Sie sprangen aus dem Wagen. Die Straße lag wie ausgestorben vor ihnen. Von Menschen keine Spur.
Das Signal blieb immer noch konstant.
Verden sah sie zuerst.
Karla war mit dem Köpf auf die Tasche gefallen und hatte damit den Ruf ausgelöst.
»Mein Gott«, sagte er erschüttert.
»Ist sie tot?«
Er fühlte ihren Puls.
»Nein, rufe den Arzt. Schnell!«
Verden versuchte inzwischen, was man ihm für solche Situationen beigebracht hatte. Bis der Arzt endlich kam, war für ihn eine Ewigkeit vergangen. Wenn Karla starb, würde er schwer darunter leiden müssen. Sein Gewissen würde ihn plagen.
»Karla, Karla, lebe, ich flehe dich an, lebe!«
Der Arzt kniete im Schmutz der Straße und gab ihr ein paar Spritzen. Die Trage stand bereit. »Wir bringen sie in die Klinik.«
»Wird sie es schaffen?«
Er zuckte die Schultern.
Karla wurde emporgehoben, und als man sie in den Wagen schieben wollte, öffnete sie die Augen.
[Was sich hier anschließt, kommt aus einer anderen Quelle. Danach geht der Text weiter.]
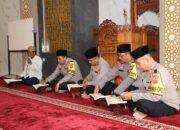 Tingkatkan Imtak Personil Selama Bulan Ramadhan, Polres Cirebon Kota Belajar Ngaji Bersama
Sie röchelte, und der Hals tat weh, als wäre er eine einzige, heiße Flamme.
Verden beugte sich über die Dirne.
»Karla, wie bin ich froh. Du bist wirklich aus hartem Holz.«
Sie versuchte zu sprechen.
Verden sagte: »Später, ich komme morgen in die Klinik. Du warst ein tapferes Mädchen.«
Sie hielt seinen Arm umklammert. Der Arzt drängte zur Eile. Verden stellte die entscheidende Frage; es geschah fast gegen seinen Willen.
»Du kennst den Mörder?«
Sie nickte schwach.
»Karla, wo kann ich ihn finden? Wo? Nur ein Wort, bemühe dich, Karla.«
Sie wollte sprechen, sie musste es. Eine Bestie lief herum, sie hatte ihn nicht halten und retten können. Jetzt mussten es andere tun.
Sie öffnete den Mund und gab ein undeutliches Wort von sich.